The Legal Basis for the Asbestos Register

The Control of Asbestos Regulations place a clear legal duty on anyone responsible for maintaining or managing a non-domestic building to identify, assess, and manage any asbestos-containing materials (ACMs) on site. This duty holder — whether a landlord, facilities manager, or managing agent — must ensure that identified ACMs are recorded in a formal asbestos register.

The Health and Safety Executive (HSE) oversees enforcement and can inspect premises, demand documentation, and prosecute duty holders who fail to comply. The HSE’s guidance document HSG264 provides detailed technical guidance on how surveys should be conducted and how registers should be structured and maintained.

Crucially, these regulations apply to every non-domestic building unless you can demonstrate with certainty that no asbestos is present. That’s a distinction many duty holders miss — the burden of proof sits with you, not with the regulator.

What Information Does a Non-Domestic Building’s Asbestos Register Include?

The asbestos register is the formal record of all ACMs identified during a survey. It must contain enough detail for anyone who might disturb those materials — a maintenance worker, a contractor, or an emergency responder — to understand exactly what they’re dealing with and where.

A fully compliant register will include the following categories of information:

1. The Location of Each ACM

Every asbestos-containing material must be recorded with a precise location — not just “plant room” but a specific description that would allow someone unfamiliar with the building to find it. This is typically supported by annotated floor plans or site maps that form part of the register.

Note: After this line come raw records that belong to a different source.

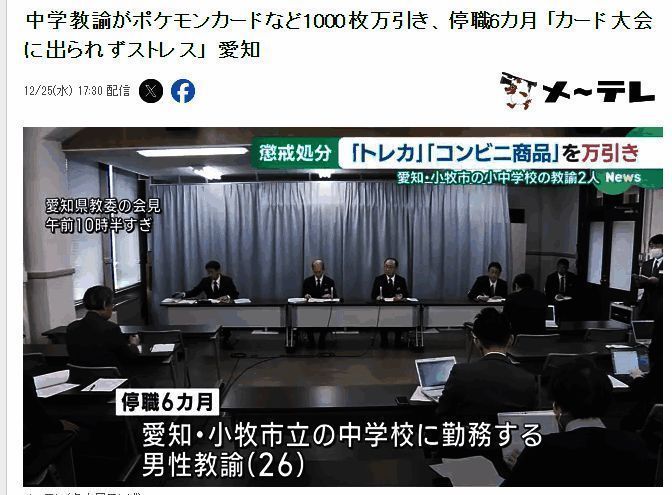 相关事件场景图3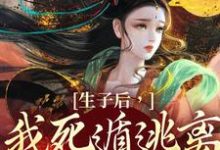 完整版《生子后,我死遁逃离他的视线》小说免费阅读-红梅文学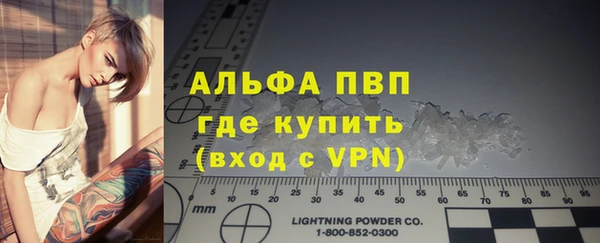 кристаллы Белокуриха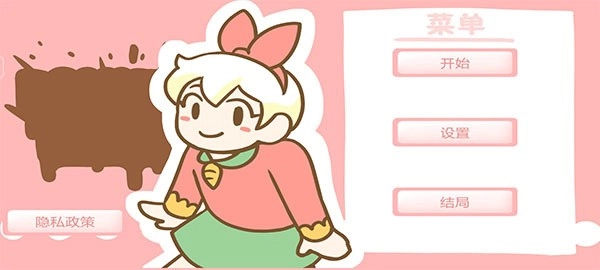 邦尼的面包店最新版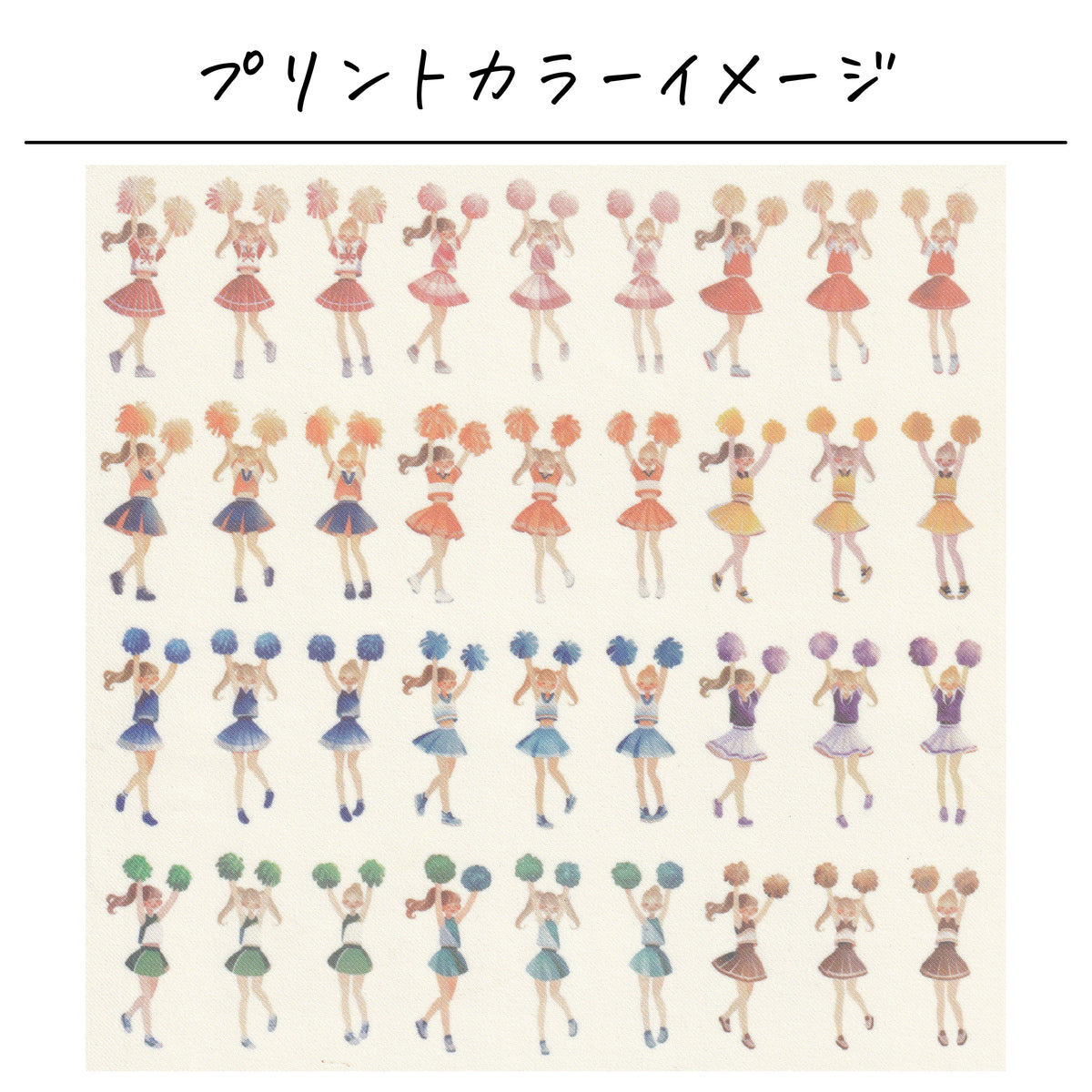 ポリエステル巾着〔26 チアリーダー〕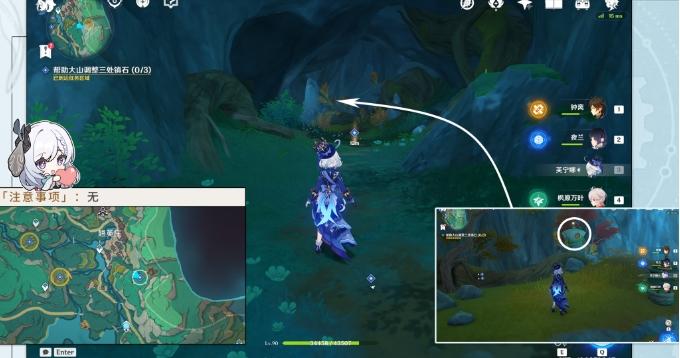 《原神》攸望三叠世界任务流程 我乃茶釜中之茶成就解锁攻略 《原神》攸望三叠世界任务流程 我乃茶釜中之茶成就解锁攻略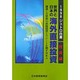 世界と日本の海外直接投資―ジェトロ白書・投資編〈1998〉(ジェトロ白書―投資編) [単行本]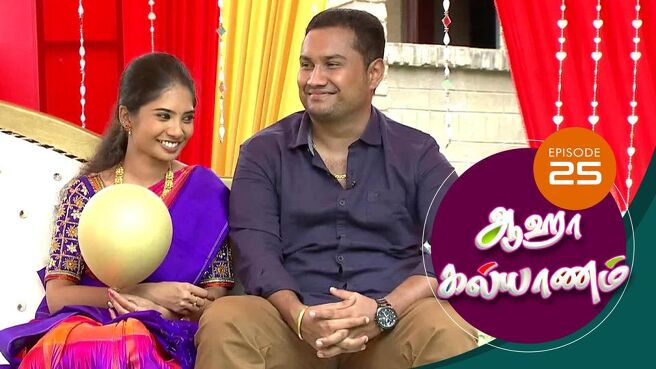 Aha Kalyanam season 1 episode 23 on Sun NXT
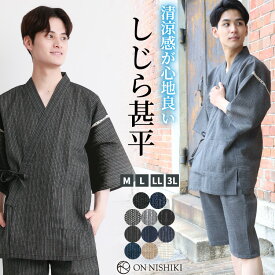 ＼早割15%OFFクーポン対象／甚平 メンズ 綿100％ 部屋着 おしゃれ 大きいサイズ 和柄 しじら織り ギフト 夏 夏用 パジャマ ルームウェア 寝巻き 祭り 紳士 大人 男性 男の子 旦那 父の日 プレゼント ギフト jinbei Nishikiオリジナル M L LL 2L 3L サイズ 0809 jin0809all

Location descriptions should reference the floor, room number or name, and the specific element of the building fabric where the ACM is found — for example, “ceiling tiles in Room 14, second floor” or “pipe lagging on boiler feed pipe in basement plant room.”

2. The Type of Asbestos

The register must record the type of asbestos fibre identified. The three most commonly encountered types in UK buildings are:

  • Chrysotile (white asbestos) — the most widely used historically, found in a broad range of building products
  • Amosite (brown asbestos) — frequently found in insulating board, ceiling tiles, and thermal insulation
  • Crocidolite (blue asbestos) — the most hazardous fibre type, used in spray coatings and some insulation products

Where the fibre type has been confirmed through laboratory analysis, this should be recorded alongside the sample reference number. Where the type is presumed rather than confirmed, this must also be clearly stated.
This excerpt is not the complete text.